Do you think the open formats for Geospatial Data listed here would be a good reference to add to Project Open Data: http://simpleopendata.com/

Jelfff commented 8 years ago

Thanks for the ideas Rebecca. I looked at OMB A-16 which then referred me to OMB-something-else which put me to sleep. Sorry.

On the other hand your link to http://simpleopendata.com/ was great! Here is my post for those folks: https://github.com/tmcw/simpleopendata/issues/21 My goal to educate people about the vast amount of open federal data available today via ArcGIS services seems to fit perfectly with the message on the simpleopendata page.

Joseph

rebeccawilliams commented 8 years ago

:+1: Renaming this issue Add Best Practices for Geospatial Data Standards.

Jelfff commented 8 years ago

Great rename. Thanks.

JJediny commented 8 years ago

Geospatial Data Abstraction Library is a conversion library for converting both Raster and Vector based geospatial data. In all there are over 142 drivers for Raster formats and 84 drivers for Vector formats.

Raster formats (i.e. Images or Grids)

For most general use Raster or Image formats (i.e. none 4 or 5 dimensional datasets) Geotiff can handle nearly all needs. However for High-resolution imagery Geotiffs can become extremely large (ex. 6-9 GB for 30 meter resolution of CONUS) so most larger Raster files are published as Erdas Imagine which translates and stores imagery data into numeric grids. So I'd say Raster isn't the main issue but Geotiff should be the default...

Vector formats (i.e. Geometry - Points/Lines/Polygons and their Attributes)
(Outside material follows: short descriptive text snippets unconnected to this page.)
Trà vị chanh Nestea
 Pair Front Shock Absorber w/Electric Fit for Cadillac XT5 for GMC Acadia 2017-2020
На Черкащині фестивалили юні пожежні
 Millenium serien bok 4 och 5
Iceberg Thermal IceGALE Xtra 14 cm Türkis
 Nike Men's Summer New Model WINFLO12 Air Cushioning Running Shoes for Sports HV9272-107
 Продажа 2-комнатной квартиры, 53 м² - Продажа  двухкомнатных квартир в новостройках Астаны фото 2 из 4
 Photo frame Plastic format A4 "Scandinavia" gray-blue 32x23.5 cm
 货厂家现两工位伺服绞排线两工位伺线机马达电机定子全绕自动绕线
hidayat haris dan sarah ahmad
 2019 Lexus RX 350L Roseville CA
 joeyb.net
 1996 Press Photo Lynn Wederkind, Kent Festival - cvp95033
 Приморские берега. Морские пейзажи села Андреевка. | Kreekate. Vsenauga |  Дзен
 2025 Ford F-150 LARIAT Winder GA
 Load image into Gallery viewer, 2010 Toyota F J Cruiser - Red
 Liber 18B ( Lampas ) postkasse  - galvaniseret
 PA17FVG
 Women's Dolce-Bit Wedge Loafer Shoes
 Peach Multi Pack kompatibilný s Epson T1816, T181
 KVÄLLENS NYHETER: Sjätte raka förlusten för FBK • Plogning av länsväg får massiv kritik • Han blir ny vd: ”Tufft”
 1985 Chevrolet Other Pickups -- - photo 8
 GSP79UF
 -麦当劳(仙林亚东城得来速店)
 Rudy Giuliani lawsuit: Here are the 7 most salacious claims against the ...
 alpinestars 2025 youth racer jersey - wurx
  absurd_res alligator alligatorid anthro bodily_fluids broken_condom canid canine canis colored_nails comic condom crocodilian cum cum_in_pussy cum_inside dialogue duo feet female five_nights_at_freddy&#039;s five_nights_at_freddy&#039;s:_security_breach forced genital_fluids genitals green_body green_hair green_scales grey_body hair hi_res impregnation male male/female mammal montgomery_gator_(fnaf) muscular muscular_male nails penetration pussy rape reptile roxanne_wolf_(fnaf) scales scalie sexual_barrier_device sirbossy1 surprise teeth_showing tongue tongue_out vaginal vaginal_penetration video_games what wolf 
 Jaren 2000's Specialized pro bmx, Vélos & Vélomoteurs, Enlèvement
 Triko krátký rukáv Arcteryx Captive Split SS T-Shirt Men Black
Vector files are not nearly as straight forward because of the pros/cons unique to each format. For "light weight" (i.e. less then ~250mb) the most versatile Vector format is by far and away GeoJSON (but there are still concerns with it). For "medium weight" (250mb up to 1 GB) Shapefiles, KML, GPX, CSV are the most commonly used formats for publishing these are Tabular or XML based formats able to be read/wrote at these sizes (_Note to reference each format pros and cons in the future). For "heavy weight" datasets or a collection of datasets most are _currently* published as ESRI Geodatabase or SQlite/Geopackage the volume of data handled in these cases calls for a true "Database" with indexing that allows a program to access/update portions of the data rather than crashing when it tries to load in its entirety. However while there are convertion libraries for ESRI Geodatabase the format/spec is proprietary and therefore should not be used to publish Open Data. Shapefiles because on stable at 2GB but in reality they can still be used up to 4GB. Geopackage is being worked on with the hopes of replacing Shapefiles as a customized SQlite database derived from the Spatial-lite that allows SQlite DB to store both raster/vector data as a single collection.
http://www.geopackage.org/

GeoJSON

is unique because it can be accessed through an API or as a single static file, more over unlike most other formats you can store multigeometry collections - in laymen's you can store multiple points, lines, polygons together in a single file each entry can have it's own attributes independently. This versatility is a double edge sword as this can make data quality/conformity nightmare if you are assuming each data entry is comparable to any other - with variable attributes and geometries that would be a bad assumption.

Shapefile

For comparison the most commonly used format still to this day is a Shapefile. Which is not a file itself but a collections of files that cumulatively store the data as Geometry (.shp) Attributes (.dbf), Projection (.prj) and Unicode or how the text is encoded (.shx) you don't have a shapefile without those four files. All Shapefiles should be distributed as WGS 84 or ESPG 4326 the "defacto standard projection" moving away from Datum based projections agencies have legacy issues with. Web mercator is the standard for web maps services like google, bing, mapbox but it is not a good projection for modeling/analysis and most web map clients assume the data will be WGS 84. For high-accuracy datasets the dataset should be published twice once for ease of use using WGS-84 and once for modeling/analysis as Albers Equal Area

JJediny commented 8 years ago

http://www.digitalpreservation.gov/formats/fdd/gis_fdd.shtml http://www.gdal.org/ogr_formats.html http://www.gdal.org/formats_list.html

Online Vector Conversion Tool (using GDAL ogr2ogr): http://ogre.adc4gis.com/

akuckartz commented 8 years ago

Please do not ignore WKT.

migurski commented 8 years ago

The flexibility of GeoJSON is not necessarily helpful. Often, users will need to translate into other formats, and concerns like field name length (limited in shapefile to 10 chars) will gate what they can do. In my experience, zipped shapefiles are typically the most translatable alternative: everything reads and writes them, and will continue to for at least another decade. Character set will be a challenge; UTF-8 is best but ESRI’s default assumption in shapefile is Win-1252.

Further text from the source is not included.